§ EXERCISE GOAL:
Quote every line of the data below as it stands, omitting pictures.

Stored data:
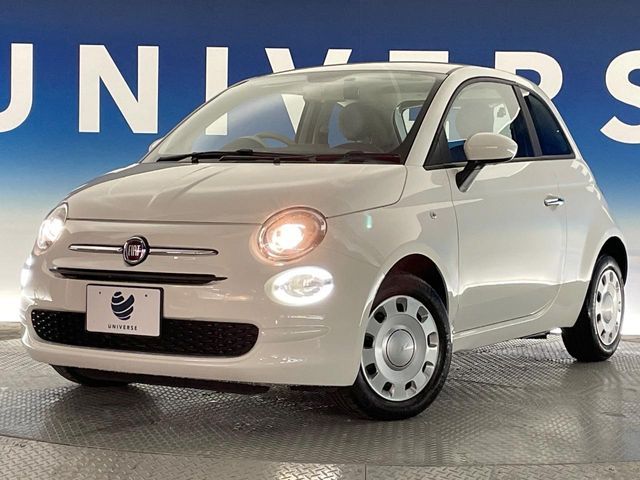 FIAT FIAT 500 2017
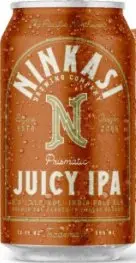 Ninkasi Brewing Company Prismatic Juicy IPA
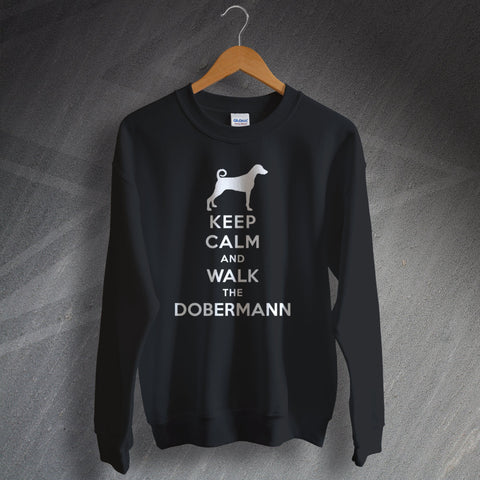 Dobermann Sweatshirt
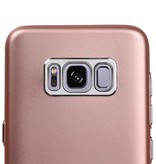 Design TPU Hoesje voor Galaxy S8 Plus Roze
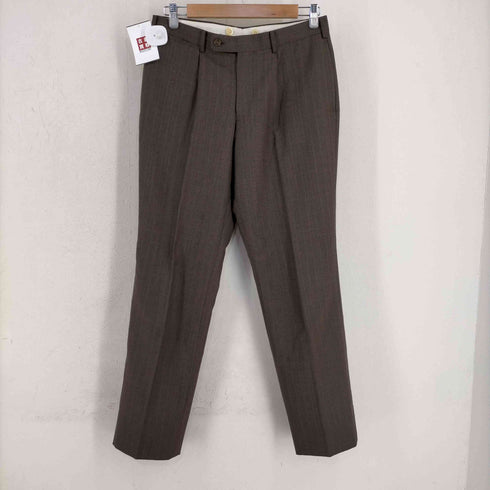タケオキクチ TAKEO KIKUCHI Super 100's EXTRA FINE-WOOL セットアップスーツ メンズ ジャケット・パンツ 3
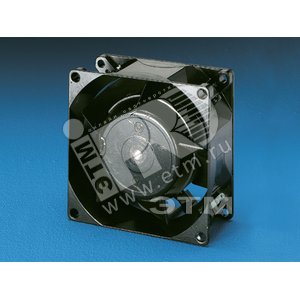 Вентилятор AC 230В 80мм 1шт - RITTAL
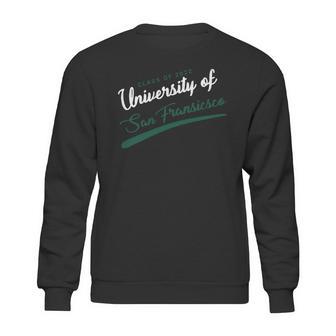 University Of San Francisco Class Of 2022 Sweatshirt | Favorety AU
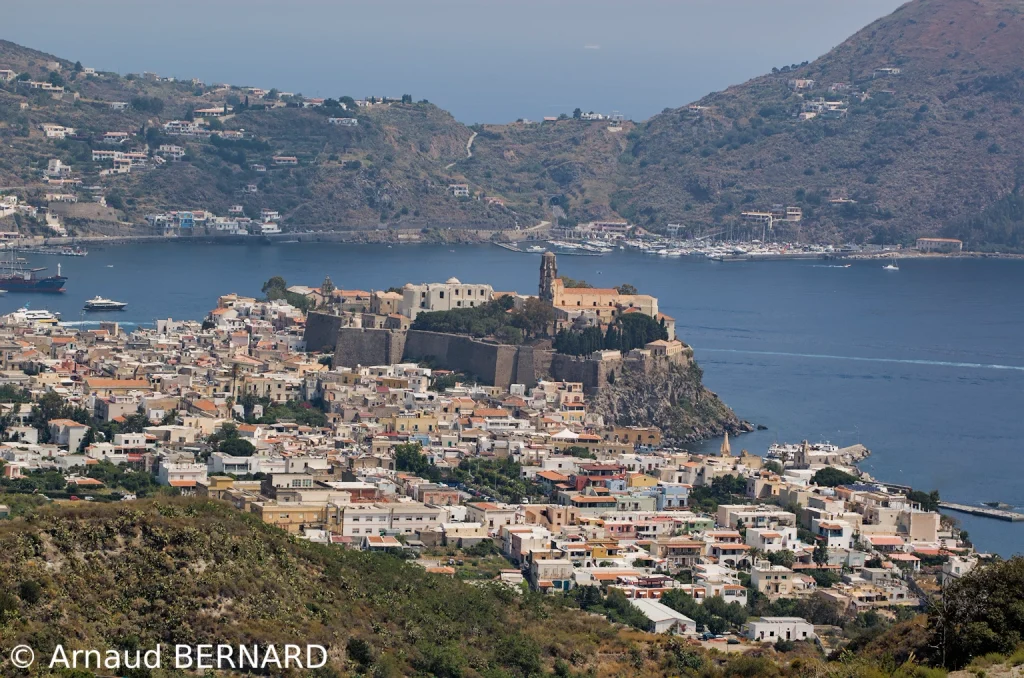 Citadelle de Lipari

§ ANSWER FOR THIS EXERCISE:
 FIAT FIAT 500 2017
 Ninkasi Brewing Company Prismatic Juicy IPA
 Dobermann Sweatshirt
 Design TPU Hoesje voor Galaxy S8 Plus Roze
タケオキクチ TAKEO KIKUCHI Super 100's EXTRA FINE-WOOL セットアップスーツ メンズ ジャケット・パンツ 3
 Вентилятор AC 230В 80мм 1шт - RITTAL
 University Of San Francisco Class Of 2022 Sweatshirt | Favorety AU
 Citadelle de Lipari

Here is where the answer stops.